*** Opening of Data supplied ***

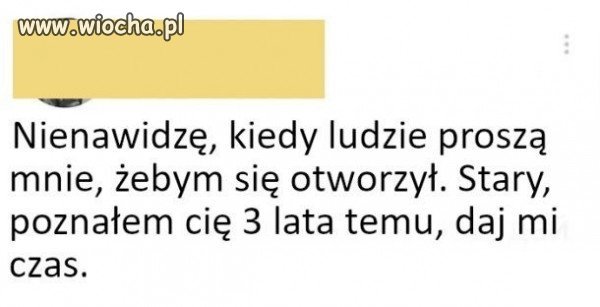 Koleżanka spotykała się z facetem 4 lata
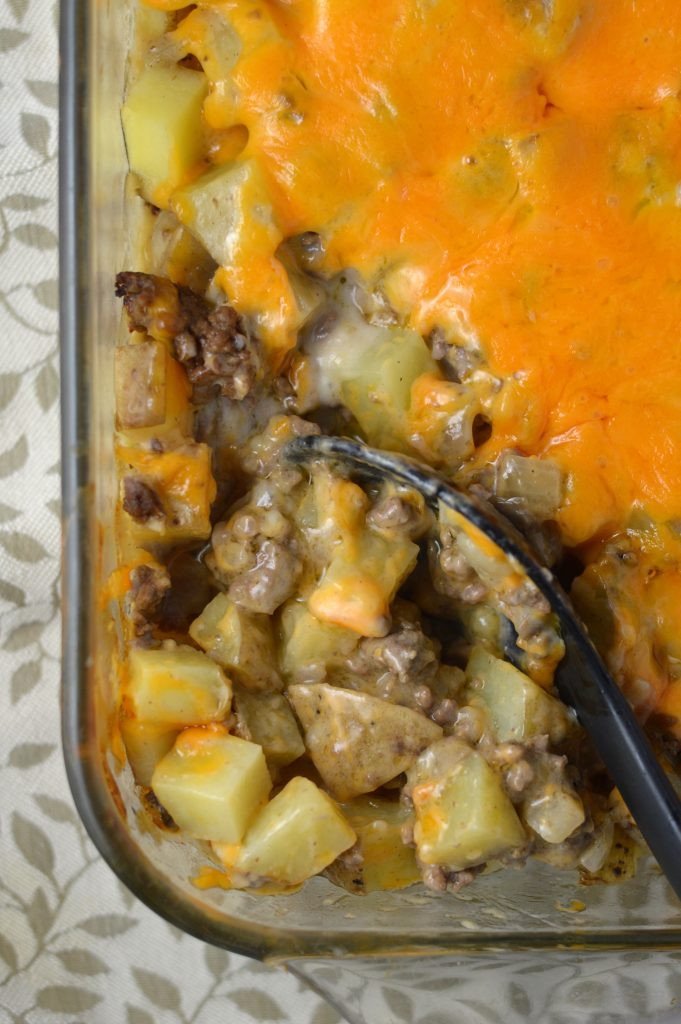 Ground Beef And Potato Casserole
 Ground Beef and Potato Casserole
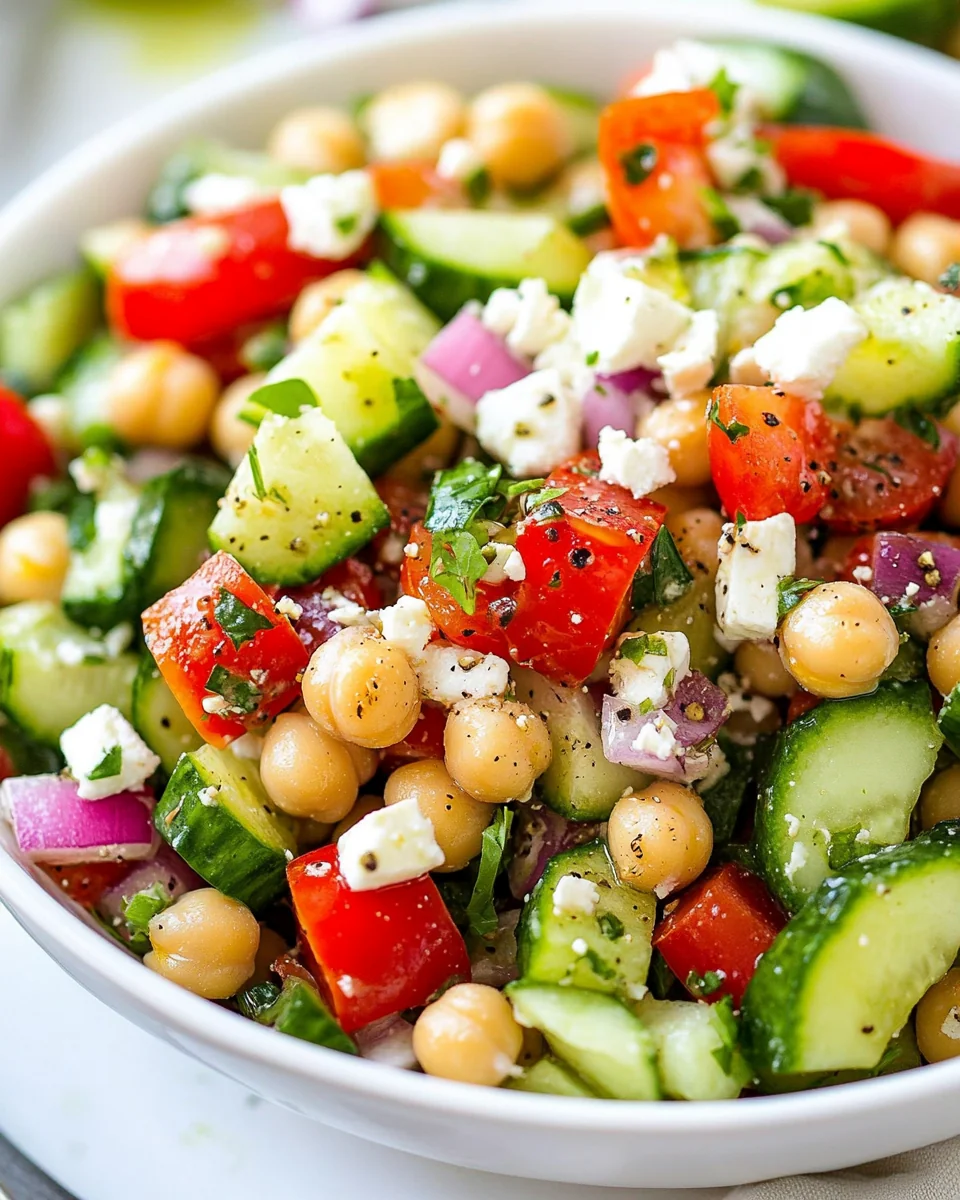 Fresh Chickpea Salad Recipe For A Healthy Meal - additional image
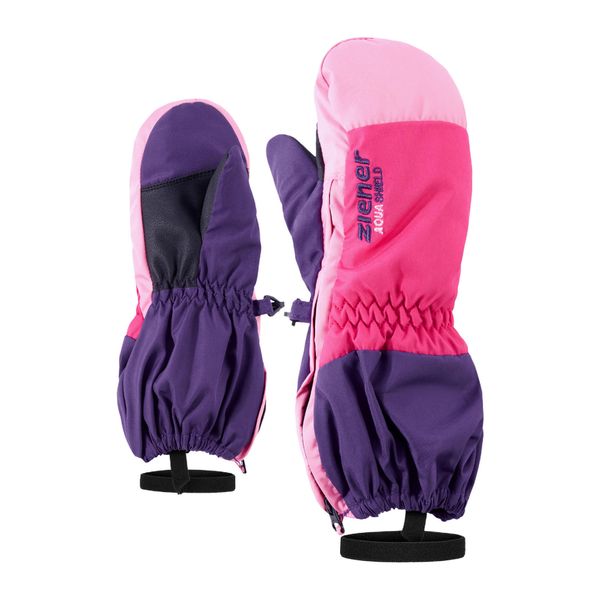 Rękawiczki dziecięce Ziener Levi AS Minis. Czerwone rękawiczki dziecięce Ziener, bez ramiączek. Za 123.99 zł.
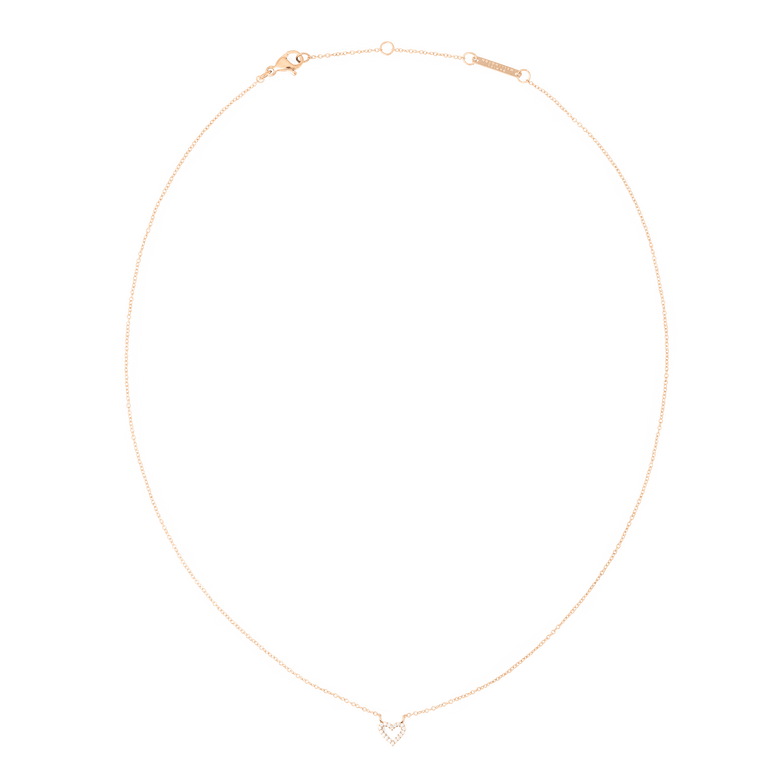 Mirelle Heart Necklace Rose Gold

*** Close of Data supplied ***
*** Opening of Data supplied ***

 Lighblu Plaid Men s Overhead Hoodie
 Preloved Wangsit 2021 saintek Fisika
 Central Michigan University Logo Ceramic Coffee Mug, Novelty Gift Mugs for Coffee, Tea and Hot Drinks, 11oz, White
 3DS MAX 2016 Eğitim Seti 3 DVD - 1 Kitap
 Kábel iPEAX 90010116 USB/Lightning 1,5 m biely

*** Close of Data supplied ***

• _To do_:
Proceeding from the line containing "Preloved Wangsit 2021 saintek Fisika" through the line containing "Kábel iPEAX 90010116", transcribe the lines above exactly, both end lines included.

• _Response to the task_:
 Preloved Wangsit 2021 saintek Fisika
 Central Michigan University Logo Ceramic Coffee Mug, Novelty Gift Mugs for Coffee, Tea and Hot Drinks, 11oz, White
 3DS MAX 2016 Eğitim Seti 3 DVD - 1 Kitap
 Kábel iPEAX 90010116 USB/Lightning 1,5 m biely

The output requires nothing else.